Home care groups have come together to express their support for the Older Americans Act (OAA) and warn Congress that disrupting the OAA could leave elderly people without compromising home care.
On May 22, more than 50 healthcare providers and advocacy groups, including Addus HomeCare, the national alliance of National Caregiving and Leading Wayge, wrote to Congress to highlight the meaning of “splitting” the Department of Health and Human Services (HHS) and the OAA.
“I joined Leadingage in favor of the OAA, taking into account the restructuring of the HHS, including the demolition of the OAA Living (ACL), and taking into account the restructuring of the HHS, housing the OAA program,” Leadingage's Vice President of Policy and Government Affairs told Home Health Care News. “We support the letter's message to advocate that the parliamentary committees governing the OAA will specifically intervene and ensure that these programs are aging, even if they end up as new parts of the HHS.”
Washington, DC-based Reading is an association of over 5,000 non-profit aging service providers and organizations.
In March, HHS announced a significant restructuring, including integration of HHS' 28 divisions into 15 new divisions. A leaked copy of HHS' 2026 budget divides the programs that make up the OAA into various institutions. The authors say it undermines the program's coordinated approach.
“OAA works very well due to its coordinated approach, ensuring that state and local agencies and their community provider partners can provide a wide range of person-centered services to meet the needs of seniors and caregivers as efficiently as possible,” the letter reads.
The OAA was enacted in 1965 as a federal law designed to support older Americans. According to the American Civil Liberties Union, it provides state grants for community planning, social services and training in the field of aging, with the aim of helping seniors stay independent and live with dignity within their communities. Additionally, the OAA established a government on Aging (AOA) to oversee these programs, serving as the federal focus on issues related to older adults.
As part of the reorganization effort, HHS will split the OAA program into two institutions. The Center for Management for Children and Families (ACF) and Medicare & Medicaid Services.

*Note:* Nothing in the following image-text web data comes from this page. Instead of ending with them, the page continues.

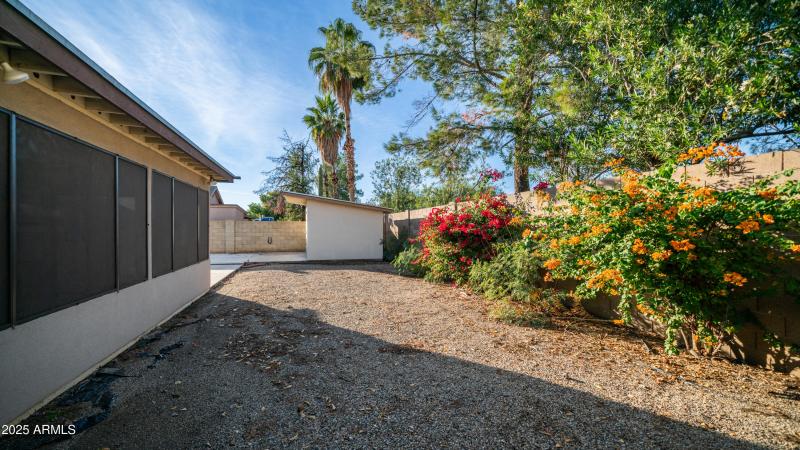 6608 W Phelps Exterior Photos-9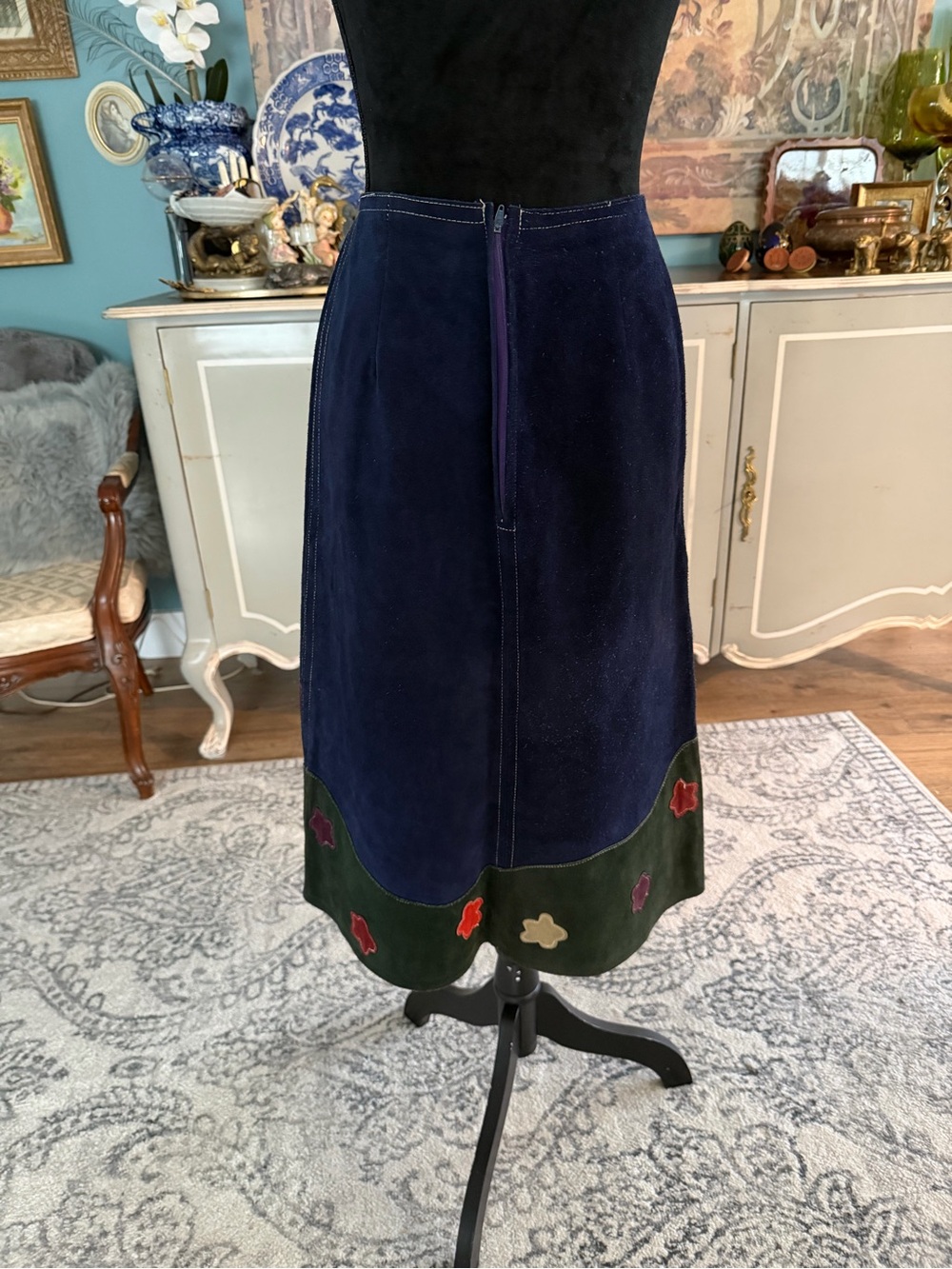 1970’s Bagatelle Suede Cottage Scene Skirt - Picture 6 of 8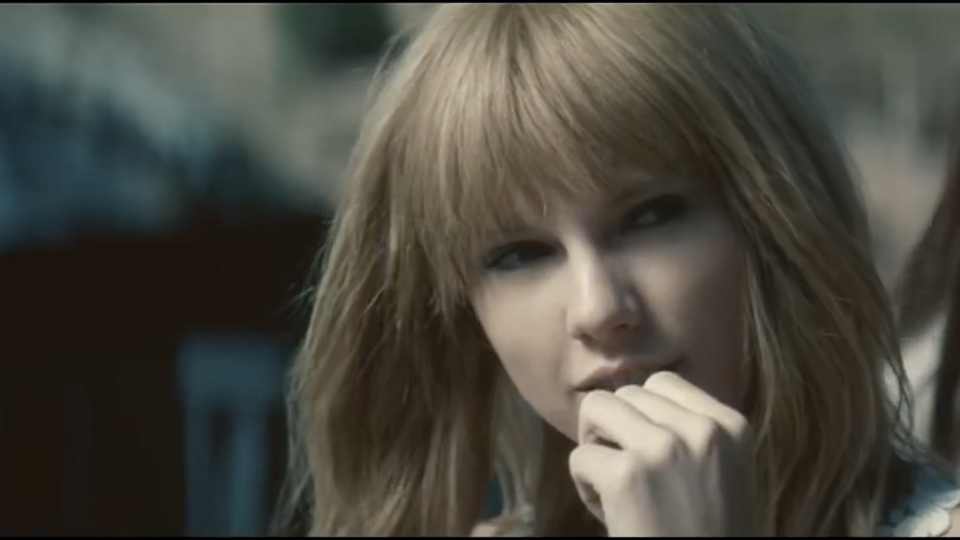Taylor Swift  "I Knew You Were Trouble"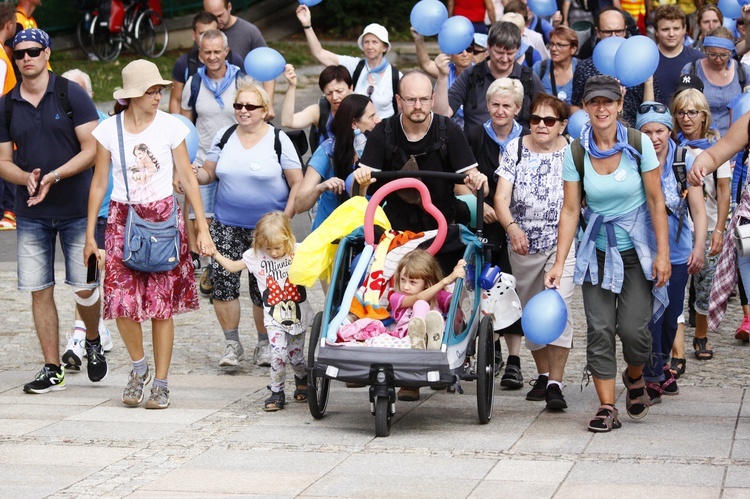 Pielgrzymka na Jasną Górę u celu - cz. 1.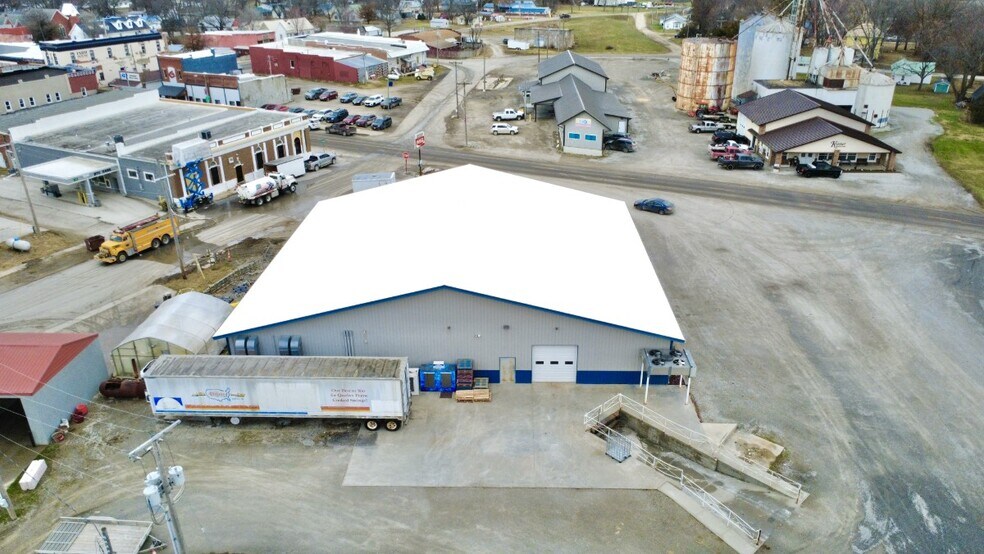 302 S Broadway St, Jamesport, MO à vendre - Photo du bâtiment - Image 3 de 28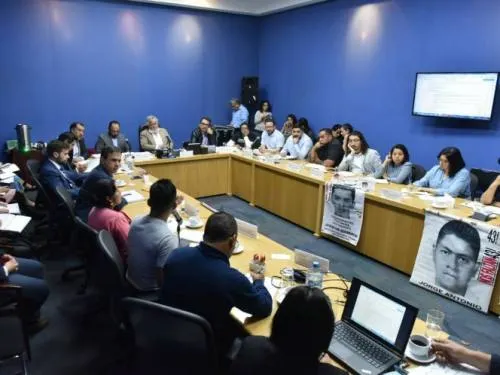 Crean grupo de búsqueda para dar con el paradero de los 43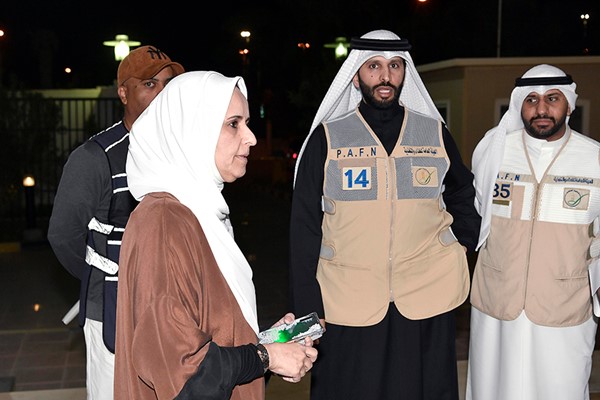 وزيرة الدولة لشؤون التنمية والاستدامة د.ريم الفليج تعطي توجيهاتها خلال الزيارة التفقدية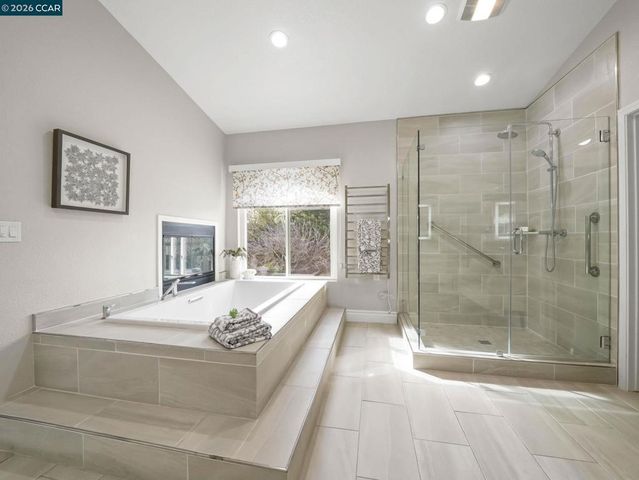 376 Blue Oak Ln, Clayton, CA 94517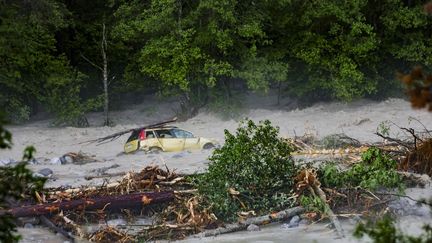 Une voiture emportée par les eaux à Vallouise (Hautes-Alpes), le 21 juin 2024. (THIBAUT DURAND / HANS LUCAS / AFP)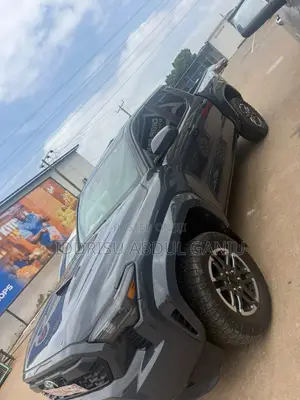 Toyota Tacoma 2025 Gray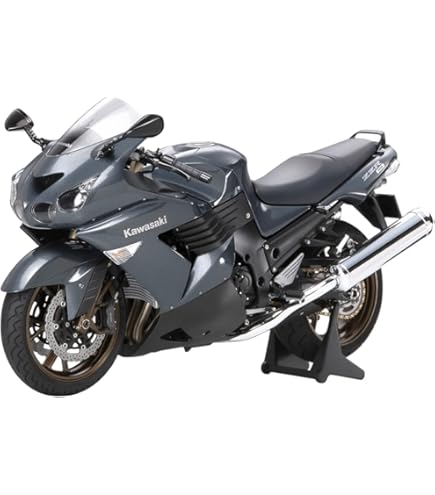 Amazon.com: TAMIYA 1/12 Yamaha YZR-M1 '04 Factory - No.46/No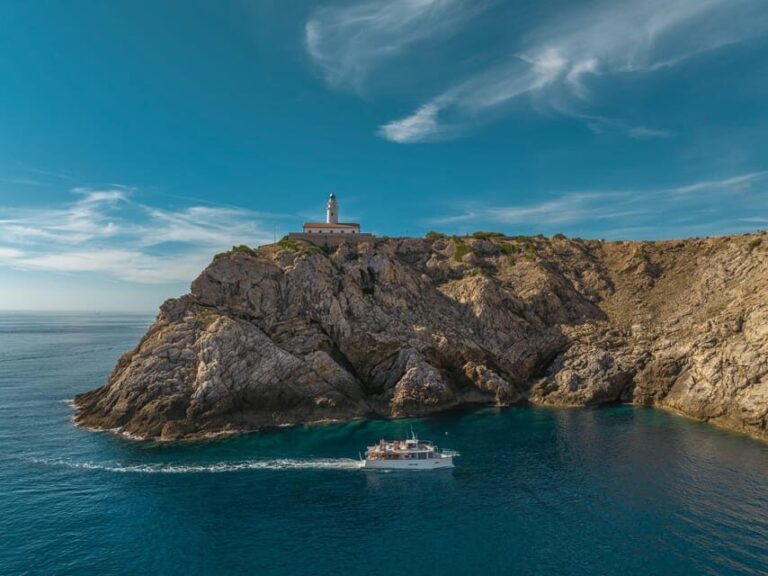 Cala Ratjada: Afternoon Boat Trips with drinks and snacks - Who Is This Tour Best For?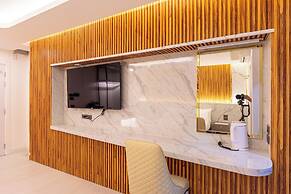 Airbus Hotel At Phawana Station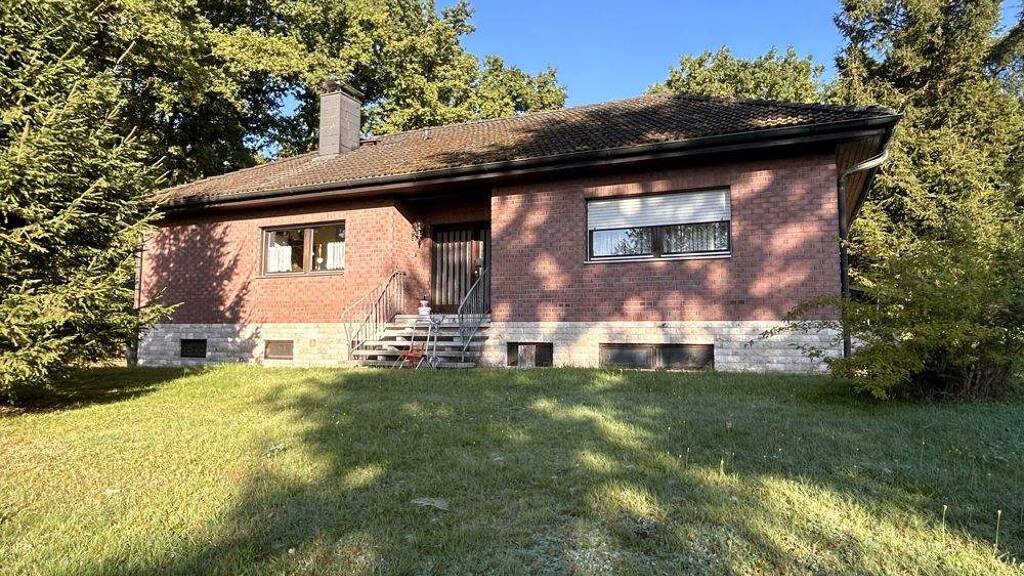 Bungalow zum Kauf 399.000 € 5 Zimmer 150 m² 2.501 m² Grundstück Wildenheid Neustadt bei Coburg / Wildenheid 96465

“Advanced progress in the proposed division of programs in the OAA will seriously impact the ability of seniors to obtain the services and support they need to maintain their lives in their homes and communities, facing placement in an institutional environment, as well as costing them through unnecessary and wasteful administrative burdens in federal and local aging cases.
President Trump signed the 2020 supportive Americans Act and reapproved the OAA. At the time, Susan Collins (R. Maine) praised the law after being unanimously passed in the Senate.
“For over half a century, the Older American Act has served as a lifeline for millions of seniors by enriching their lives and improving their overall health,” Collins said in a statement. “This bipartisan law will help ensure that OAAs continue to align with the goals they have set to allow older people to age in their dignity, respect and community.”